Assignment:
Transcribe the records below from the first line to the line that includes "A close-up of", inclusive, and omit the pictures.

Pictures with short captions:
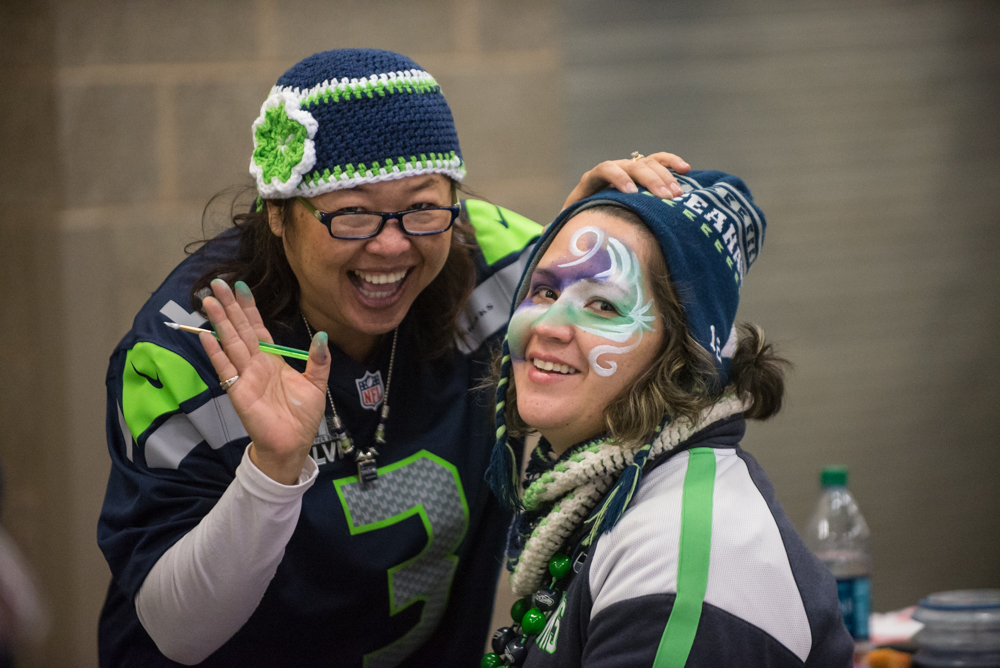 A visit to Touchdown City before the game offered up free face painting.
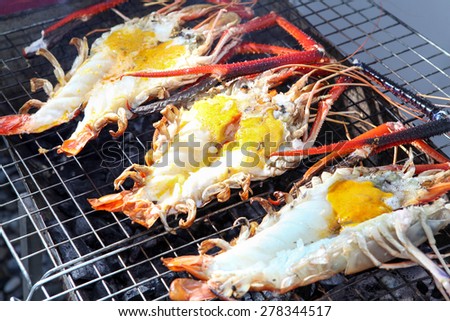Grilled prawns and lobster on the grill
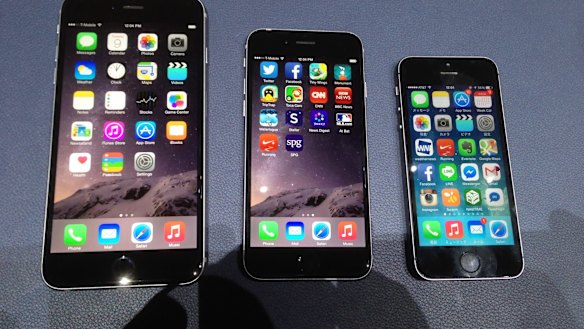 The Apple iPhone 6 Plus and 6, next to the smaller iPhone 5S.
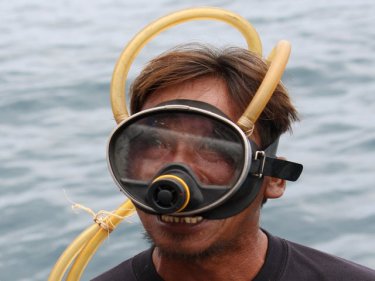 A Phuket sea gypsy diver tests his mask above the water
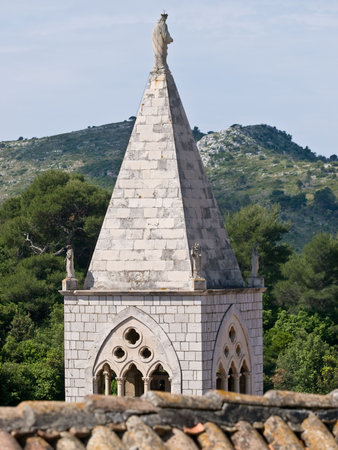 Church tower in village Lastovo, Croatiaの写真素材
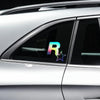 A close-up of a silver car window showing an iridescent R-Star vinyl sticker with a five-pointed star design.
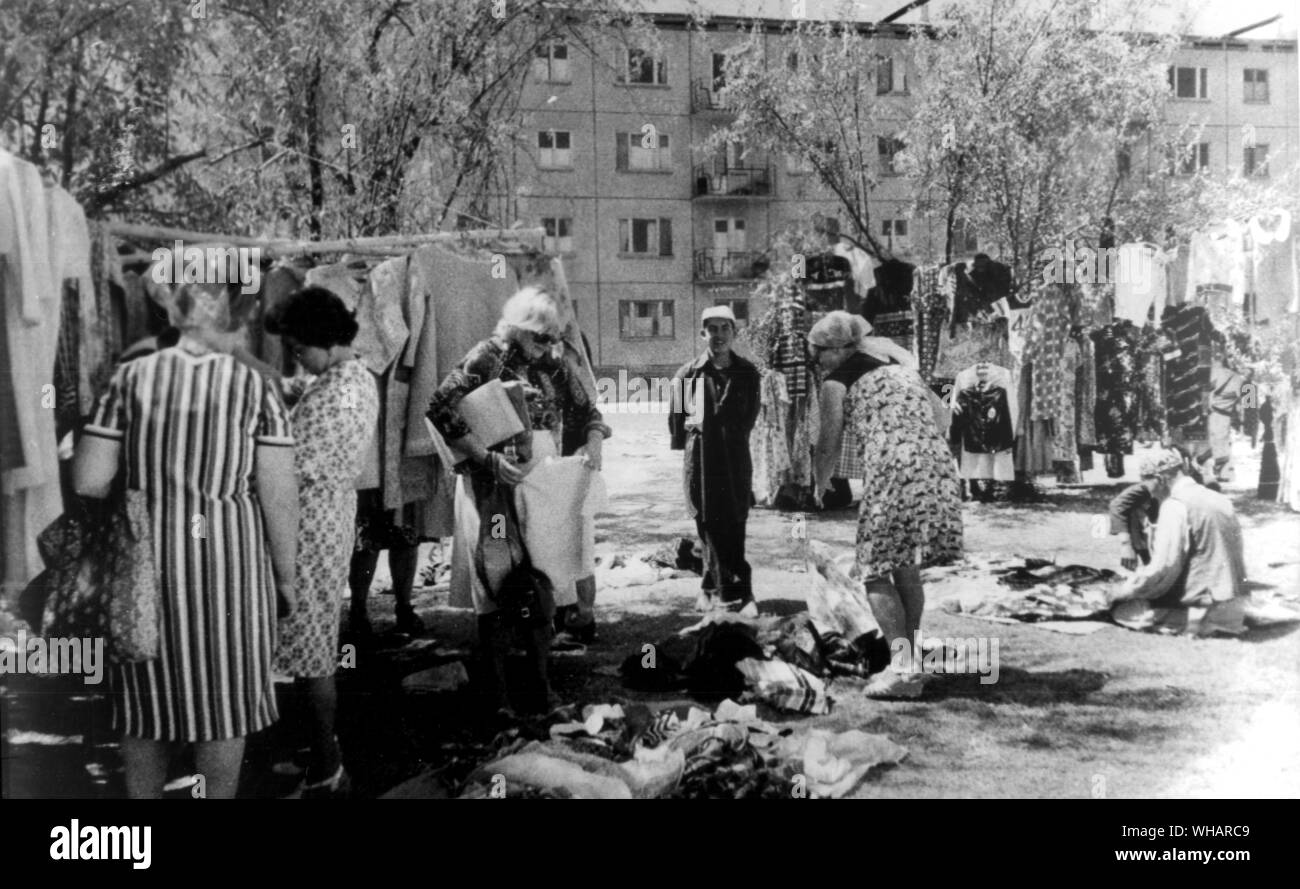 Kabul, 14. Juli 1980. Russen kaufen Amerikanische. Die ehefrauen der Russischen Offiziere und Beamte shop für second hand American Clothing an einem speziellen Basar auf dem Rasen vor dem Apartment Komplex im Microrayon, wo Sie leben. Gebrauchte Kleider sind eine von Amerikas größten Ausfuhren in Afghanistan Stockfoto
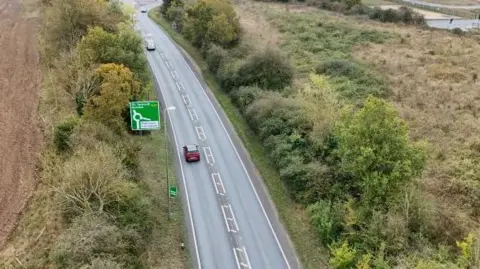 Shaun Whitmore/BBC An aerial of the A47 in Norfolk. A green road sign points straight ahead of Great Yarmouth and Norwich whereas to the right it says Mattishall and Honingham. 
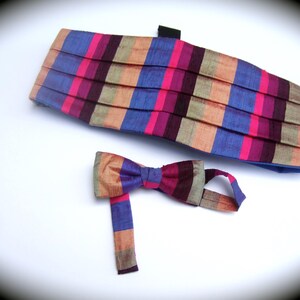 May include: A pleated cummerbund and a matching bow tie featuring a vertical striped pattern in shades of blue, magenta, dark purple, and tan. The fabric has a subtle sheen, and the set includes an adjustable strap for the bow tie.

Solution for this task:
 A visit to Touchdown City before the game offered up free face painting.
Grilled prawns and lobster on the grill
 The Apple iPhone 6 Plus and 6, next to the smaller iPhone 5S.
 A Phuket sea gypsy diver tests his mask above the water
 Church tower in village Lastovo, Croatiaの写真素材
 A close-up of a silver car window showing an iridescent R-Star vinyl sticker with a five-pointed star design.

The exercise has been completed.